The idea is to make it easier for the Web 2.0 development community to integrate Yahoo! Mail into various new and interesting experiences, allowing Yahoo! to be more deeply embedded in the Internet of tomorrow.

But in my mind, the benefits of opening up the system are outweighed by the potential to create even more sophisticated kinds of “man in the middle” hacker attacks and new twists on the growing epidemic of “phishing.”

Phishing is the process by which hackers trick users into providing their usernames and passwords by creating sham versions of websites that masquerade as legitimate. Phishing works because most users aren’t very skeptical or discriminating when they are asked to log into their email, online banking account, eBay or PayPal account, or other online service.

Even if there is a way to secure the login process and to make it less susceptible to being replicated by phishers, there’s still the matter of ill-intentioned application developers.

What’s to stop a dastardly developer from sniffing out user’s passwords during the login process, or once the login has been authenticated to misappropriate the cookie or other security token once it has been issued? What’s to stop a malicious programmer from capturing every email message passing through the application and using it for other purposes?

Oddly enough, when I think of those who could profit from creating a new interface and passing all of a Yahoo! user’s email through its systems for parsing and manipulation, first in line is Yahoo!’s archrival, Google.

Google has promised users of its Gmail service that, through the wonders of sifting through your email box with its supercharged content sniffers, they will be able to serve advertisements based on the content of your email messages. By using the API process, could Gmail create an interface for users to import the mail from Yahoo and further erode its rival’s advertising reach?

Just think: One day Gmail might also be able to deliver Yahoo! users a nagging email from their spouse, along with advertisements for divorce lawyers, discounts for dating services, and a sale price on the autobiography of Lorena Bobbitt – half-off, of course.
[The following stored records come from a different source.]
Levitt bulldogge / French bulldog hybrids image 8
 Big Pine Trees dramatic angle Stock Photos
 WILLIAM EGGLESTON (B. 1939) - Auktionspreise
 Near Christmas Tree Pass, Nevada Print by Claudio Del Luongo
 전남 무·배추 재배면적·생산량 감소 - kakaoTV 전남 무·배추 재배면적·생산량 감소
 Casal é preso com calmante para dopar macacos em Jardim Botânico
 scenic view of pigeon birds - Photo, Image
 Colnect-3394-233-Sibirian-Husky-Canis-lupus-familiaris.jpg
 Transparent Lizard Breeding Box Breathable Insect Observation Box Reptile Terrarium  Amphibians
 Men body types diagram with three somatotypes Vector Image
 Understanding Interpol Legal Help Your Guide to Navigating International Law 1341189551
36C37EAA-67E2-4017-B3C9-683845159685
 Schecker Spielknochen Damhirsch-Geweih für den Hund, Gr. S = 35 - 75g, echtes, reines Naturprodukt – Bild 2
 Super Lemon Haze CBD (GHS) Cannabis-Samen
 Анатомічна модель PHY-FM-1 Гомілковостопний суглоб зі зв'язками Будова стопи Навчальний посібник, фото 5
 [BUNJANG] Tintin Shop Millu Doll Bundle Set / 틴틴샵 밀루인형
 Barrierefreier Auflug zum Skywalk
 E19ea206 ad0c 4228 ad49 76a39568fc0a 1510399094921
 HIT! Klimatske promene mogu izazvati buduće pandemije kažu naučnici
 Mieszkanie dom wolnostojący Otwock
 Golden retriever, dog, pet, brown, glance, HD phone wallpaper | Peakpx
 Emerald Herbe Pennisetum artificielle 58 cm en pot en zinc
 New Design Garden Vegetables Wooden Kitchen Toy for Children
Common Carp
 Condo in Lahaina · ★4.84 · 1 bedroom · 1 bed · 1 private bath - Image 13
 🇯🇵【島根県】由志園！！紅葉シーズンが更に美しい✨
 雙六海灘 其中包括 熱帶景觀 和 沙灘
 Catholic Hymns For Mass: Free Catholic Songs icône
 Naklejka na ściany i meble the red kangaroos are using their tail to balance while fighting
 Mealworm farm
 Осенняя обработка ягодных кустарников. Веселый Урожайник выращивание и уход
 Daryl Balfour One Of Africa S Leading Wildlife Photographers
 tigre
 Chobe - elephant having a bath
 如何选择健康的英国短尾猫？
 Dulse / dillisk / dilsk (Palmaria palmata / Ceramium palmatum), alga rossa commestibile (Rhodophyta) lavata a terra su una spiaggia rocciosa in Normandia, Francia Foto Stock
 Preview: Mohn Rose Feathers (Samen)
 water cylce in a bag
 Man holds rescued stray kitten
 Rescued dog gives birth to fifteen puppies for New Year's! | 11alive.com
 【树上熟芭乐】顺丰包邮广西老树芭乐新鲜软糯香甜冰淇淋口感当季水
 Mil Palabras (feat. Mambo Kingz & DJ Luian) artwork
This is less a security problem than a business problem – but it’s one that I think about when trying to decide when to start short-selling Yahoo! stock.

For me, the biggest problem with ill-conceived “Web 2.0 compliance” is that it’s making it even harder to teach users how to protect themselves.

Just as we are getting users trained to be more suspicious of folks who ask them to log in via seemingly legitimate interfaces, systems like Meebo and the Yahoo! Mail API work to add further confusion as to what a “legitimate” login screen can look like.

Some of today’s Web 2.0 concepts are absolutely amazing and changing the face of the Internet for the better. But in the rush to ride this new wave, too many companies are blinded by coolness and forget the fundamentals.

I only hope that more of today’s Web 2.0 entrepreneurs will go back and spend some time with Privacy and Security 101, before their users – and their exciting ideas – get burned.